Se, assim, não parece razoável sustentar a ineficácia de crenças e expectativas tácitas, bem como de compromissos comunitários, no contexto de justificação do trabalho científico, o que impede, então, a conclusão de que seriam apenas critérios sociológicos e psicológicos a justificar a refutação ou salvaguarda de uma teoria científica? O que impede a admissibilidade de quaisquer metodologias ao jeito do "anarquismo metodológico" de Feyerabend? Se nada impedir esta conclusão, então, como Kuhn afirmou, pode suceder que um novo paradigma se imponha não por persuadir racionalmente os investigadores, mas tão-só por estes se retirarem, dando lugar a outros, mais novos; mesmo se algum investigador se deixasse convencer não seria exactamente porque haja uma argumentação que o persuada racionalmente, mas porque sucede uma mudança global de percepção comparável a uma conversão religiosa. Esta é, em síntese, a posição do Kuhn mais radical. Mas a conversão do olhar teórico, digamos assim, ser comparada a uma conversão religiosa suscita razoáveis apreensões - por princípio, a segunda dispensa o que a primeira deveria exigir, a saber, ser racionalmente justificada, portanto, acompanhada por razões explícitas, em todo o caso, razões susceptíveis de discussão. A haver semelhança deveria, pois, ser meramente psicológica - aí sim, a psicologia da percepção, e em particular a gestalttheorie, pode dar um fecundo contributo para a compreensão da mudança teórica, sobretudo sob a aceitação do suposto de que, por princípio, o conhecimento está necessariamente fundado numa dimensão tácita. Mas esta semelhança psicológica não impede nem deve impedir a ressalva do trabalho racional da justificação.
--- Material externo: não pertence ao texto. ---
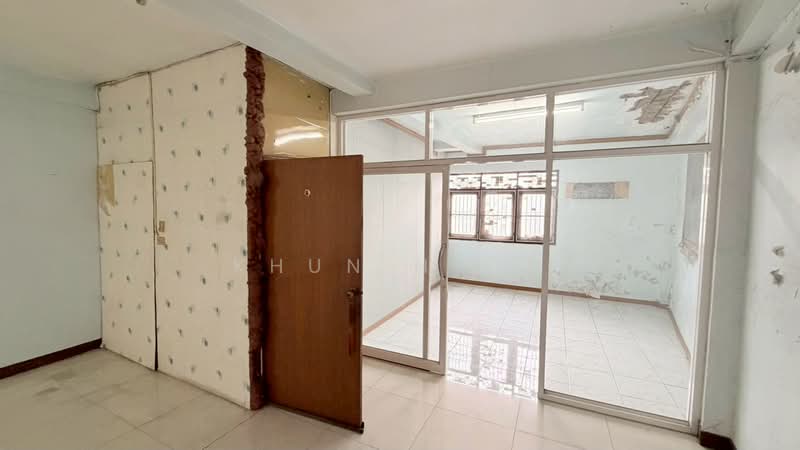 Shophouse Damrongrak Road, Bangkok, ดำรงรักษ์, Khlong Maha Nak, Pom Prap Sattru Phai, Bangkok, , 600 sqm, Shophouse For Sale, by KHUN H-DO, 500175153 - DDproperty.com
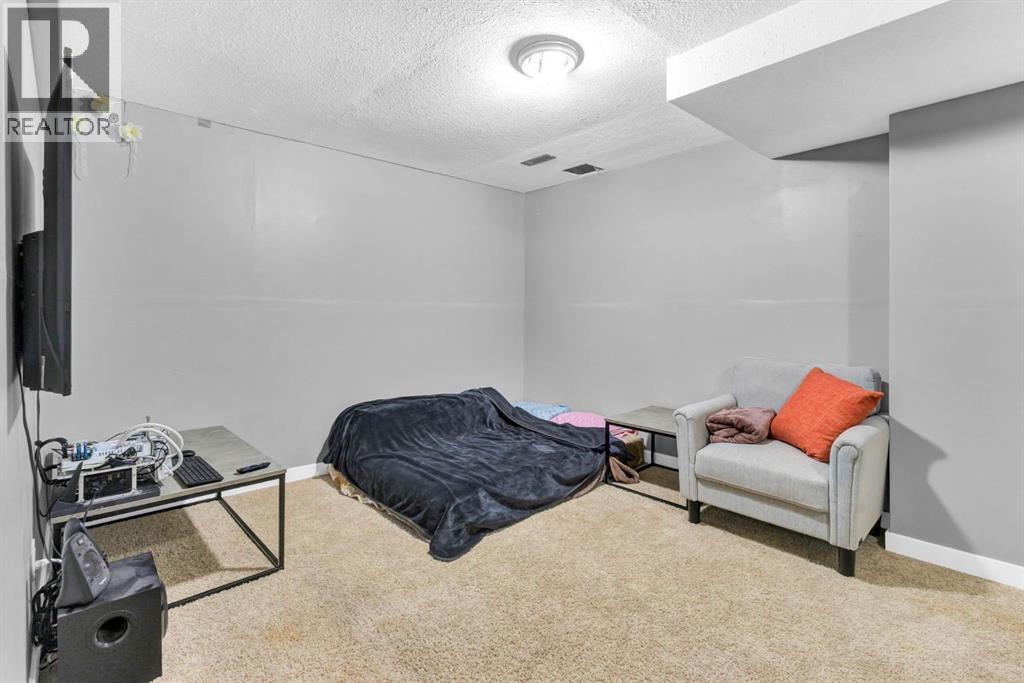 Single Family House for Sale in  Erin Woods Drive SE Erin Woods Calgary 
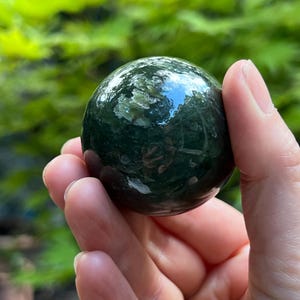 Jade Nephrit Himalaya Große Kugel 120g 43mm 30
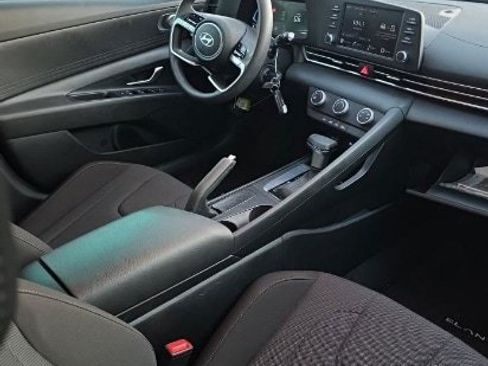 Used 2025 Hyundai Elantra SE FWD image 5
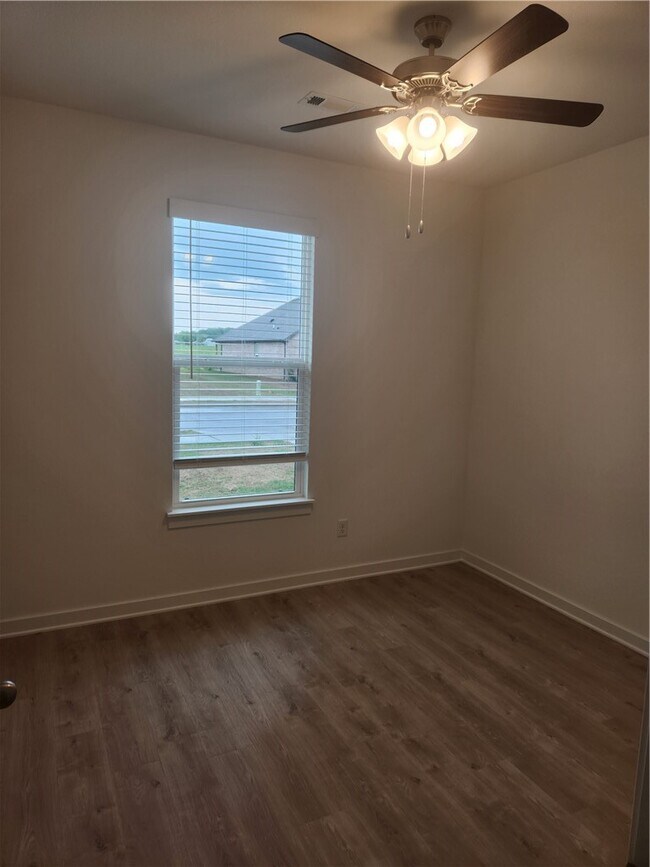 Building Photo - 4008 Aryana Ave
A este propósito, parece bem mais equilibrada a posição de Lakatos: conhecimento pessoal, crenças e expectativas tácitas, conversão psicológica do olhar teórico, embora ocorram - contrariamente à posição de Popper - no contexto de justificação, não representam uma suspensão da racionalidade científica, mas o reconhecimento de que esta mesma racionalidade não é imediata, mas processual. De certo modo, o que é distintivo nos programas de investigação científica é a sua própria racionalidade ser um projecto a longo prazo. O que salvaguarda o "núcleo firme" de um programa de investigação científica e mantém-no relativamente imune à falsificação, via argumentos do tipo Modus Tollens , não é assim um critério sociológico, mas uma racionalidade metodológica que evita que a alternativa a uma utópica racionalidade imediata seja uma liminar sujeição da decisão científica a razões alheias à racionalidade científica.

O ponto não está, pois, em recusar o efeito causal das crenças em nenhum momento do trabalho científico, mas em compreender que esse efeito não anula, em princípio, a reivindicação de uma racionalidade científica como última palavra no processo de constituição do conhecimento científico.